Perang Saudara Amerika adalah salah satu momen tergelap dalam sejarah Amerika. Pada saat itu, para petugas medis akan memberikan morfin secara "cuma-cuma" kepada pasukan di kedua sisi. Sejarawan memperkirakan bahwa setidaknya ada 200.000 pecandu morfin pada tahun 1900-an sebagai akibat dari konflik tersebut.
Selain morfin, rokok juga menjadi zat adiktif yang diberikan kepada tentara Amerika selama perang. Sebelum tahun 1917, ketika Amerika memasuki Perang Dunia I, merokok dianggap sebagai kebiasaan yang dilakukan oleh kelas atas. Namun, ketika tentara Amerika dikirim ke front Eropa, mereka akan diberi rokok tembakau yang dilinting.
Para petinggi militer berpendapat kalau merokok akan menenangkan saraf seorang prajurit sebelum berperang. Selama perang, para dokter juga akan memberikan rokok kepada tentara yang terluka. Tak lama setelahnya, tren mengisap rokok pun membludak.

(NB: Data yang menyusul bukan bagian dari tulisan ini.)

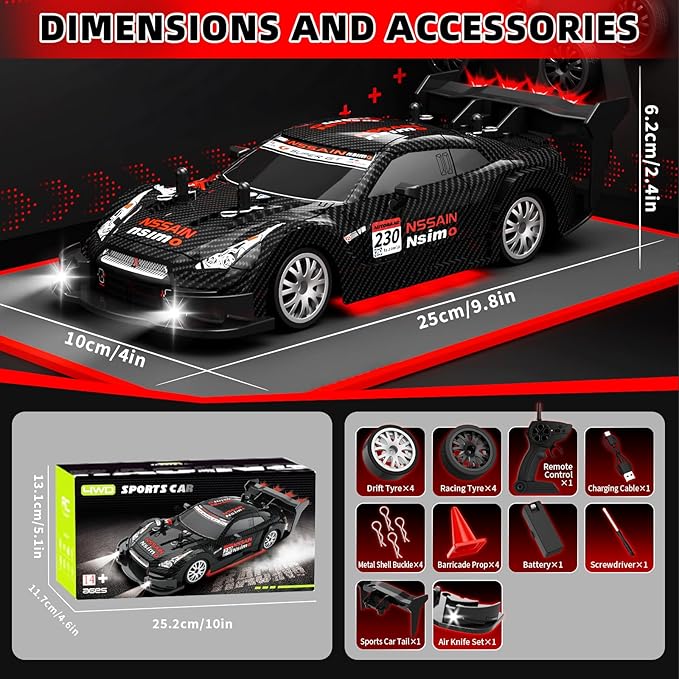 RC Drift Car 1:20 High Speed 4WD Remote Control Car with Cool Lighting 30km/h Racing RC Drifting Cars Gifts for Adults for Drift and Race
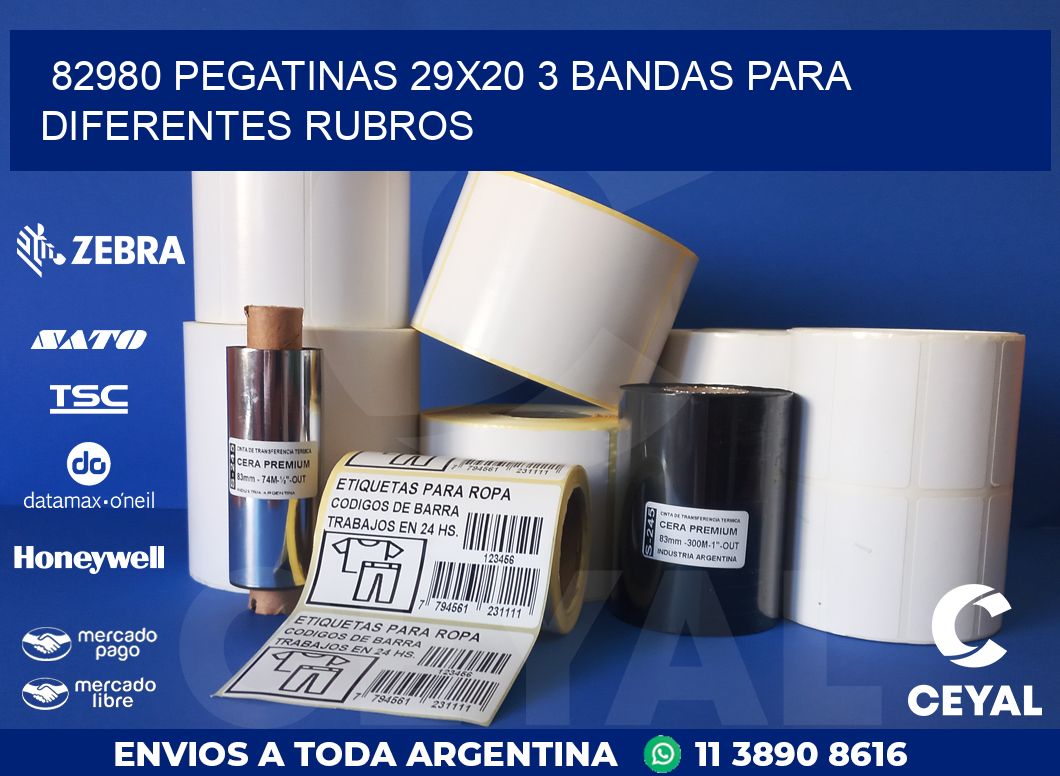 82980 PEGATINAS 29X20 3 BANDAS PARA DIFERENTES RUBROS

Tentara Amerika menganggap rokok jauh lebih murah dan lebih mudah digunakan saat bepergian. Jadi, mereka membawa pulang kebiasaan ini setelah pertempuran selesai. Banyak tentara yang bergantung pada tembakau selama Perang Dunia I, lalu membawa kebiasaan mereka ke dalam Perang Dunia II.
Kecenderungan tentara Amerika dengan zat adiktif tidak sampai di situ saja. Ketika Perang Vietnam berkecamuk, ada banyak film dan buku yang mempopulerkan fakta kalau penggunaan zat-zat adiktif diperbolehkan di sana.
Untuk meningkatkan stamina, agresi, dan semangat prajurit yang bertempur dalam kondisi yang menakutkan, para petinggi militer Amerika di Vietnam akan membagikan berbagai zat adiktif seperti pil pep, steroid, dan banyak lagi.
Penyalahgunaan narkoba adalah hal yang sangat dilarang. Meski begitu, beberapa pasukan di atas telah menggunakan zat adiktif selama pertempuran berlangsung. Meski digunakan untuk menenangkan pikiran, selalu ada dampak buruk yang akan muncul dari penggunaannya.